寄稿「人と人をつなぐ県劇のアウトリーチのこれから」

人と人をつなぐ県劇のアウトリーチのこれから

間近で見る楽器の輝き、手に残る音の響き、そして初めて出会う名曲の数々にわくわくドキドキを隠せない子供たち。彼、彼女たちの豊かな芸術体験に県劇のアウトリーチ事業はなくてはならないものだ。

これまでの活動について私が見た限りを総括すると、プレイヤーのオーディションに始まり、プレイヤーの養成から活動の実施まで必要なフローが確立されている。実施前の学校との打ち合わせも実に入念。またプログラムの枠組みが完成されているからこそ、アーティストたちは実際の活動を淀みなく進めることができる。そしてそこに生まれる余裕に甘んじることなく自分たちの良さを発揮する。なによりアーティストたちの演奏は質が高い。

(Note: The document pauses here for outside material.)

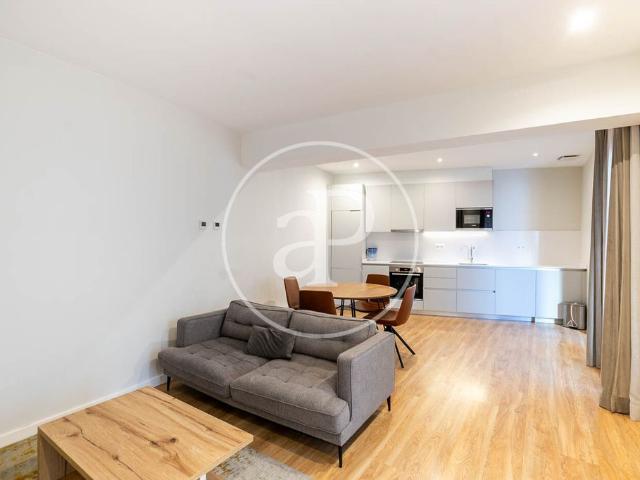 Piso en alquiler en Barcelona, Sant Pere, Santa Caterina i la Ribera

このように長年の実績が蓄積された県劇のアウトリーチは、すでに成熟の域に達していて、今あるものを継承しつつ、さらなる高みを目指す時期にきているように思う。

以下は、今後の発展に期待する私の個人的な希望である。

学校におけるアウトリーチ活動では、これまで通り「異質を味わう空間」を大切にしながら、学校の年間指導計画への位置付けを考慮してみてはどうだろうか。そのためには学校側との入念な打ち合わせによるプログラム開発が必要となるが、子供たちの体験は学びへと確実に深化するだろう。次に参加型アウトリーチを取り入れることを提案したい。つまり「音楽を聴く」から「音楽をつくる」への転換だ。音楽をつくる体験は鑑賞や演奏活動を深める重要なきっかけであり、アーティストたちの演奏をより深く味わうことができるようになるだろう。最後に、演劇アウトリーチを実施してはどうだろうか。県劇には立派な演劇ホールがある。演劇ファンを増やす意味もあるが、自分を表現することの重要性が増す中、子供たちが演劇的表現に接することのできる機会があると良い。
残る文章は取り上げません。